PUBLISHED : Tuesday, 11 June, 2013, 8:40pm
UPDATED : Tuesday, 11 June, 2013, 8:50pm

The trip is a schlep, weaving through the intensity of the heat and crowds, waiting for the mini bus to go to Queen Mary Hospital. Thus starts the second phase of my breast cancer adventures. As a woman who has been through the same procedure told me, “this will be a long journey.” It sure feels like that with the all-encompassing humidity of June.

Now that the pathology report is complete the breast surgeon shakes my hand firmly and passes me off to the oncologist. Before that she gives me a choice, referral public or private?

And it comes down to cost. There is a Grand Canyon-sized gap when it comes to the radiation cost. The radiation round for women who choose lumpectomy is typically 4-6 weeks. The price under private is typically HK$3,000 each time whereas it is HK$80 in the public hospital. Although the trip to the HKU neighborhood would be a haul, as someone who is uninsured I had to go with the practical. Public of course, I told the surgeon swiftly.

In the meantime, I try to resort to my sunny side mantra by telling myself that I’m lucky to have family and friends. I’m lucky Queen Mary is the crème de la crème of public hospitals. I’m lucky I’m in Hong Kong and not in Timbuktu.

The father arrived from the U.S. the day before the oncologist’s appointment to accompany me into foreign territory. Having spent the past 36 years teaching the MDs he has a good idea of how to deal with the white coats.

Queen Mary is huge, a tremendous assuming structure that sits atop HKU territory. We follow the chocolate-coloured line on the floor that leads to the cancer centre, home of nuclear medicine, oncology and radiology.

We make the schlep without much choice (who can say they want to skip work and head to the cancer ward?), but with a purpose. We want to tell the oncologist that I want to start the radiation ASAP. Radiation can start one month after the surgery. Let the games begin, I keep thinking.

Like most patients I come with my unique story and needs. The story becomes important because despite our differences in similarities in economic, social and cultural background, we the cancer patients all share the common goal of seeing the doctor, getting treated as soon as possible, getting well, and getting our lives back.
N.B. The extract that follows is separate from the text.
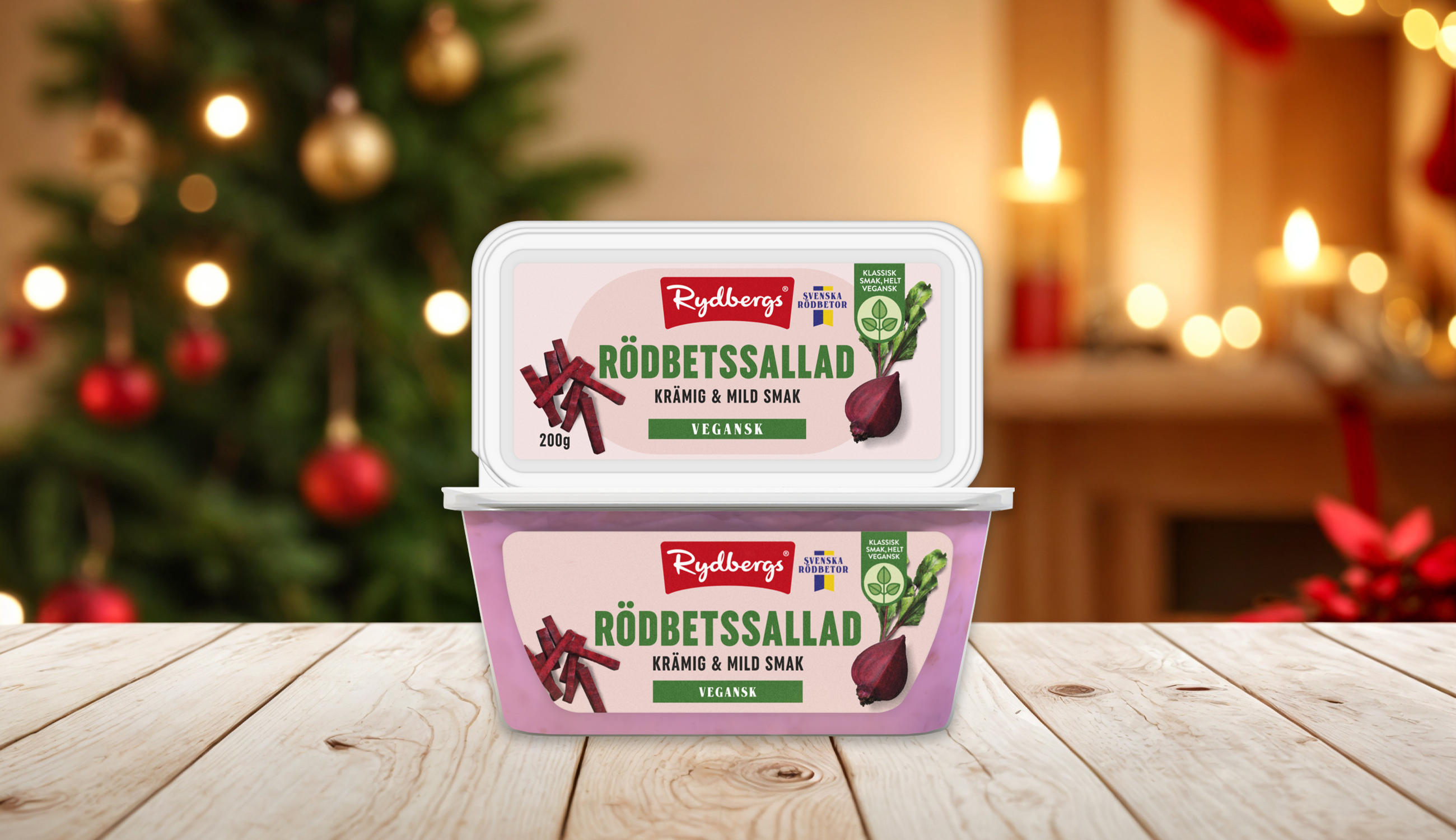 Produktfoto: Rydbergs två förpackningar vegansk rödbetssallad staplade på varanda på ett träbord med en julig bakgrund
Deep down we all want to believe that our unique story will move us on the queue, and perhaps we will wait less.

I have a speech prepared.

“Dr. X and Y nice to meet you, I want to start the treatment on X and Y date because I need to be on an airplane back to the United States the first week of August. I need to return to my homeland. I have a PhD program to start.” And then the unspoken: I don’t want cancer to steal any more of it than at times I feel like it has. I have a life to live.

The waiting room is packed. The moment I enter I become a number and the waiting game starts. I take in the landscape and note that I am by far the youngest and one of the healthier ones. I subconsciously categorize my fellow patients: the most serious frail and thin in wheelchairs with IVs (is that the chemo? I wonder), the more serious wearing hats to cover up their heads made bald by chemo. The less serious are like chameleons, we look like ordinary people.

A volunteer comes around and settles down next to a middle aged couple. The woman is clearly upset although trying to feign politeness. She had surgery a month ago and she’s waiting for radiation. We are in the same sorority only she’s twice my vintage.

The father and I try to think on the sunny side (I wonder what the cafeteria food here is like? Good thing the weather is so nice... not a bad center at all), and not think too much about what could have been, what should be, the inequality of this all. I remind myself of the celebratory sushi and tell myself I’m lucky to be alive, I’m lucky that chemo isn’t in the picture. Dealing with cancer is a mind game, at times exhausting.

After what feels like forever (in reality it is an hour), I am called. The doctor is a pretty woman who looks about 16. She’s seen my records and she gives me the 411 and sheet about radiation, how it works and side effects. I nod, uh huh, yes and then I try to get down to business. “When can we start?” I ask her. She glances at the calendar and says, “Well there’s a very long queue, I’d say maybe August at the earliest.”

Can this get any worse? Before I completely lose it the father steps in explaining that we would much appreciate it if they would give my case special consideration - I would like to be home with family. If they can that would be great, if not we totally understand. I quickly can my speech and shut up.

There is an art to being a patient, the father later says. You need to maintain your calm, request and honour the system. I am no longer a journalist, I am a patient and a number and a record. The pretty doctor nods and says she will try her best.

And she delivers. By the end of the session I’m told the breast radiation planning appointment has been bumped up by a week. I want to hug the woman. It is a small victory in this marathon day defined by mini buses, hospital hallways, and paperwork. When we exited it was late afternoon and I discovered the breathtaking view from the hospital. I posed and the father snapped a picture and then we headed towards the mini bus for the long ride home.